Apesar de estar sob ampla crítica, o regime dos talibãs ainda não deu nenhum sinal de que está disposto a abrir mão de sua política linha-dura. O líder supremo do grupo, Hibatullah Achundsada, insiste que as mulheres afegãs têm uma vida “confortável e próspera”.
Talebã retoma pouco a pouco laços internacionais
A comunidade internacional tem condenado energicamente o Talebã pelo tratamento dispensado às mulheres. Alguns países condicionaram quaisquer relações com o Afeganistão à melhora dos direitos humanos e do acesso das mulheres à educação, bem como à formação de um governo mais inclusivo.
Apesar disso, o Talebã conseguiu estabelecer relações diplomáticas com alguns países na região, como Rússia, China, Paquistão, Índia e outras nações da Ásia Central.
Recentemente, os Emirados Árabes Unidos (EAU) aceitaram as credenciais diplomáticas de um indicado do Talebã ao posto de embaixador. Até então, só a China tinha aceitado um embaixador do Talebã.
Os EAU justificaram a medida afirmando que ela é parte de uma série de esforços mais amplos para assegurar a ajuda humanitária e a estabilidade do Afeganistão. Ainda não se sabe, porém, quais serão as consequências da cooperação com um regime fundamentalista islâmico que afronta abertamente os direitos humanos.
Controvérsia na Alemanha
O debate sobre como lidar com o Talebã se torna cada vez mais controverso também na Alemanha.

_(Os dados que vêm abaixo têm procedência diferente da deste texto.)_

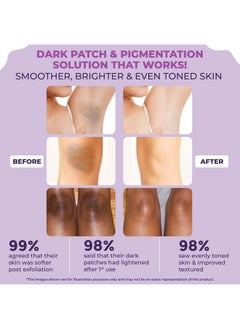 Sanfe Instant Spotlite Mask For Dark Underrams, Neck & Body| Dark Patch Removal Wipe-Off Cream In 10 Minutes | For Detanning, Anti Aging & Skin Tightening | Glycolic & Kojic Acid With Charcoal 100G  - Image 5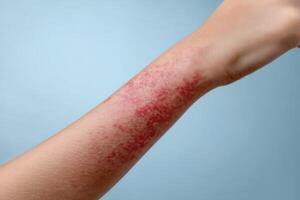 Skin condition displaying redness and irritation on a person's arm against a light background photo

A ministra do Exterior, Annalena Baerbock, referiu-se às novas leis como “quase cem páginas de misoginia” para calar a metade da população afegã e descartou veementemente a retomada das relações com o regime do Talebã.
Partidos de oposição como a União Democrata Cristã (CDU) , da ex-chanceler federal Angela Merkel, insistem em uma postura mais pragmática, argumentando que uma cooperação com o Talebã é desejável para facilitar a deportação de afegãos criminosos ou cujos pedidos de asilo tenham sido negados.
A proposta da CDU é polêmica: críticos alertam que tal postura poderia legitimar o Talebã e minar o engajamento da Alemanha pelos direitos humanos.
Enquanto isso, o futuro das mulheres e meninas afegãs torna-se cada vez mais sombrio. Ativistas pró-direitos humanos defendem que a comunidade internacional vá além da mera retórica e tome ações concretas para apoiar as afegãs e responsabilizar o Talebã por suas ações.